Dataset entries:
Start of Block

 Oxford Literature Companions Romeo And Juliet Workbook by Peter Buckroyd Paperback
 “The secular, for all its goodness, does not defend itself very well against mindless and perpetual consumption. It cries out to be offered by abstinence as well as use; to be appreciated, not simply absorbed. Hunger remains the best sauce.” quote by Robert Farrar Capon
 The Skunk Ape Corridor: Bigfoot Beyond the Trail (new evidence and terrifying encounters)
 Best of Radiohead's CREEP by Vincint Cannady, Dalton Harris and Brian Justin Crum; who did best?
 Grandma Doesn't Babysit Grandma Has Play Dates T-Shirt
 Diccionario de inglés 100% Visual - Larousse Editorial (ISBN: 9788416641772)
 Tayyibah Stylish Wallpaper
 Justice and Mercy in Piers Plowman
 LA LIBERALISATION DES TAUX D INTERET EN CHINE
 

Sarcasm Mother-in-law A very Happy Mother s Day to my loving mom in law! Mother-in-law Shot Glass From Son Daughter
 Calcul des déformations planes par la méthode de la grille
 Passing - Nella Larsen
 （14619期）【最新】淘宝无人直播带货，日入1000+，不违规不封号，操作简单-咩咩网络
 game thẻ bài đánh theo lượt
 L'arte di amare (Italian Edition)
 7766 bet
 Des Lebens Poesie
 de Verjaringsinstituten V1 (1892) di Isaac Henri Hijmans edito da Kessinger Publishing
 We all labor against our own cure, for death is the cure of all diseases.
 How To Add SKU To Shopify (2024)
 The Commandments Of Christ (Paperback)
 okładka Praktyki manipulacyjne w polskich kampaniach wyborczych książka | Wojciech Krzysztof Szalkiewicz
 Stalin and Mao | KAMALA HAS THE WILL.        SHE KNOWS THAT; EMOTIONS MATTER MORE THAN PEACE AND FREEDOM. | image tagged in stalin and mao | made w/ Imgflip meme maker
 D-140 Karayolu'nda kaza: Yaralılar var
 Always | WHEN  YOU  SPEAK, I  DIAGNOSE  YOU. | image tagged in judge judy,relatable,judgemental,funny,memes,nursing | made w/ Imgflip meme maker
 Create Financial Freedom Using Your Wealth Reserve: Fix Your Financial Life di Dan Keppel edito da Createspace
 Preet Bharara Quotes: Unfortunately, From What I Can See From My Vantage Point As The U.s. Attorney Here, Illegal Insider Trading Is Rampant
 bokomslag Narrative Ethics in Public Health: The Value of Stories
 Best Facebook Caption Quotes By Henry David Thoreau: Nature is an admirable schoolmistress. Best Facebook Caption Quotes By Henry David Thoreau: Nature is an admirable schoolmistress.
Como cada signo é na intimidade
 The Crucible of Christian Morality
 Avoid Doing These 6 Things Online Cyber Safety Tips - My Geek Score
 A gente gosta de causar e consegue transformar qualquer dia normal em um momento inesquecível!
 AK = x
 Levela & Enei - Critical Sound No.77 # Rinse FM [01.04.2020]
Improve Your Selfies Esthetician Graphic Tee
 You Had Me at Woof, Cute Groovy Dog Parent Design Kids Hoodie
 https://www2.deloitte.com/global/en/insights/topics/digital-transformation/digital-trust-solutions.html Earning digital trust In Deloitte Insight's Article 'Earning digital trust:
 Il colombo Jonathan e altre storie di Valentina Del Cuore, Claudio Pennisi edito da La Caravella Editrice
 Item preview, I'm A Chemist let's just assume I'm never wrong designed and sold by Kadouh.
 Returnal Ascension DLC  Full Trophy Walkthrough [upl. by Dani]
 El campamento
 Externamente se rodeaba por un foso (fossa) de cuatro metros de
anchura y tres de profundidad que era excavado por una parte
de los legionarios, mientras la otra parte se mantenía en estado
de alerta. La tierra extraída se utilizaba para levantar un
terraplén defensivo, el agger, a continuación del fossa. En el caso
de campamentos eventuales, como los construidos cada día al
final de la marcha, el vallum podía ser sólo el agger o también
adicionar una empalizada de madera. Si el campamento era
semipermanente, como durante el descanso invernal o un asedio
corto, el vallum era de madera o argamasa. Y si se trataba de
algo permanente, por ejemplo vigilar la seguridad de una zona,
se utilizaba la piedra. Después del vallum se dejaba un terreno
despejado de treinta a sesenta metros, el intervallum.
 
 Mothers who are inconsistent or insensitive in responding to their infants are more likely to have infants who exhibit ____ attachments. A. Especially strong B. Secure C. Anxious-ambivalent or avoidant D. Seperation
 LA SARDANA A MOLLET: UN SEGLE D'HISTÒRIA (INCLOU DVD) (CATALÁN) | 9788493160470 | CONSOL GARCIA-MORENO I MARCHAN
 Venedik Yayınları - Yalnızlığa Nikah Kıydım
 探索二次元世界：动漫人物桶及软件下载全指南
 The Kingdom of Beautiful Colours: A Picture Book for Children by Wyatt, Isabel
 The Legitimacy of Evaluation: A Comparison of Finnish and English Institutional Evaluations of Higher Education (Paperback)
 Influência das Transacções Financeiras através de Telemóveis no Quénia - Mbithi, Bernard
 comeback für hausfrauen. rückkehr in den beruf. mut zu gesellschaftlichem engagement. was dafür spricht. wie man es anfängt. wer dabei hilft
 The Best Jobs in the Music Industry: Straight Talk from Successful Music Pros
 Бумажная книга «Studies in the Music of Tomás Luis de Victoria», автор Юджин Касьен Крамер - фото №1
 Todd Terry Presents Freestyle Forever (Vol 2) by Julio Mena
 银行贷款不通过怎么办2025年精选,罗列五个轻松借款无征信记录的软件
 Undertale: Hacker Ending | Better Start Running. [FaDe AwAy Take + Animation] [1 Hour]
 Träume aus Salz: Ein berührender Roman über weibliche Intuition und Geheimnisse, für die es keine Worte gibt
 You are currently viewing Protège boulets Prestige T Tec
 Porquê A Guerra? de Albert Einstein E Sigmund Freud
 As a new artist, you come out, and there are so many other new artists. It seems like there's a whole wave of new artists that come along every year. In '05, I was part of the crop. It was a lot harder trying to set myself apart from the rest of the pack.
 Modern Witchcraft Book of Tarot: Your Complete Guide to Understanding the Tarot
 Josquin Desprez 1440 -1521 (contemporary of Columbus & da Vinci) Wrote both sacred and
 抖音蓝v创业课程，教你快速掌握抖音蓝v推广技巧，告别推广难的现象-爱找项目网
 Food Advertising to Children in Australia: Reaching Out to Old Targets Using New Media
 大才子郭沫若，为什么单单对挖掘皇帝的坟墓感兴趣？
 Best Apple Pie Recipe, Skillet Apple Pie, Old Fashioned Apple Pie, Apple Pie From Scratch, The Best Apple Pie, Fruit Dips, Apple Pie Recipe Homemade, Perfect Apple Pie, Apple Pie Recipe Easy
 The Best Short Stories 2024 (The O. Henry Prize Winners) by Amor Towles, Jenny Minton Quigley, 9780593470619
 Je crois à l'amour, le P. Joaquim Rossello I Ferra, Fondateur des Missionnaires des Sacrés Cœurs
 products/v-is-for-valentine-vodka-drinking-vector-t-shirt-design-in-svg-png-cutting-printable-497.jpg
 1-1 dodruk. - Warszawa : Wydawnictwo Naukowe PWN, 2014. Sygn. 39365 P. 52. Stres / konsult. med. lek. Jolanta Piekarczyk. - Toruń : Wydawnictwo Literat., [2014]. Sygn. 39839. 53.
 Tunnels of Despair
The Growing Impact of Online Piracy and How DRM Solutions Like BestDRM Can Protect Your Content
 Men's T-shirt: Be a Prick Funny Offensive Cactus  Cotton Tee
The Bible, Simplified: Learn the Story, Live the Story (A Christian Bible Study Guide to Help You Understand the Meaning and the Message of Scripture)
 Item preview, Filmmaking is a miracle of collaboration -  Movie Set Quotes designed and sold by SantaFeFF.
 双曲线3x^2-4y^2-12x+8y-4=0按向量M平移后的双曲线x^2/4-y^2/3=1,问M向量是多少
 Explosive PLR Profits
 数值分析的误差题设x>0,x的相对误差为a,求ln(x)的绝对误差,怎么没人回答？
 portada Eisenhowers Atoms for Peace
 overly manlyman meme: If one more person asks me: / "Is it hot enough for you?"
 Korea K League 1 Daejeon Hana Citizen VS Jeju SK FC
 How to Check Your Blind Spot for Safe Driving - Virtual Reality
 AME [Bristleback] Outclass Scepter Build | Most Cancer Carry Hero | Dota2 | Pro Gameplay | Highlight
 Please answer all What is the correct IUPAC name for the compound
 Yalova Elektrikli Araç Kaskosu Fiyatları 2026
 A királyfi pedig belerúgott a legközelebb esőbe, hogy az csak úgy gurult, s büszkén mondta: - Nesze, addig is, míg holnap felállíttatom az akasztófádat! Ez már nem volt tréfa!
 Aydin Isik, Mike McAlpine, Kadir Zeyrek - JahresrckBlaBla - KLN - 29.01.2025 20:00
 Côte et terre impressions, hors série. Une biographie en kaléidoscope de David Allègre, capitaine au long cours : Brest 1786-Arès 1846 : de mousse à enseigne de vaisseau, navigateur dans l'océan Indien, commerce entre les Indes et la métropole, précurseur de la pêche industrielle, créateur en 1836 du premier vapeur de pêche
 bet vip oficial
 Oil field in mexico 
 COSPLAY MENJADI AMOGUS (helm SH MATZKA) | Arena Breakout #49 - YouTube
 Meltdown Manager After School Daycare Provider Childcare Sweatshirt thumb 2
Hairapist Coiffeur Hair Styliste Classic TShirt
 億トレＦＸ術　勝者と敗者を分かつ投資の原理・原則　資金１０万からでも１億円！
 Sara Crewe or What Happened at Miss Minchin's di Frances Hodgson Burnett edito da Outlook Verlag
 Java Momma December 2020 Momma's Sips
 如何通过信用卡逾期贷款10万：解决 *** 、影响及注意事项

End of Block

• What you have to do: What you give back should be exactly the lines of the data above from the line with "数值分析的误差题设x>0,x" through the line with "Yalova Elektrikli Araç", both of those included, and nothing more.

• Solution for this task:
 数值分析的误差题设x>0,x的相对误差为a,求ln(x)的绝对误差,怎么没人回答？
 portada Eisenhowers Atoms for Peace
 overly manlyman meme: If one more person asks me: / "Is it hot enough for you?"
 Korea K League 1 Daejeon Hana Citizen VS Jeju SK FC
 How to Check Your Blind Spot for Safe Driving - Virtual Reality
 AME [Bristleback] Outclass Scepter Build | Most Cancer Carry Hero | Dota2 | Pro Gameplay | Highlight
 Please answer all What is the correct IUPAC name for the compound
 Yalova Elektrikli Araç Kaskosu Fiyatları 2026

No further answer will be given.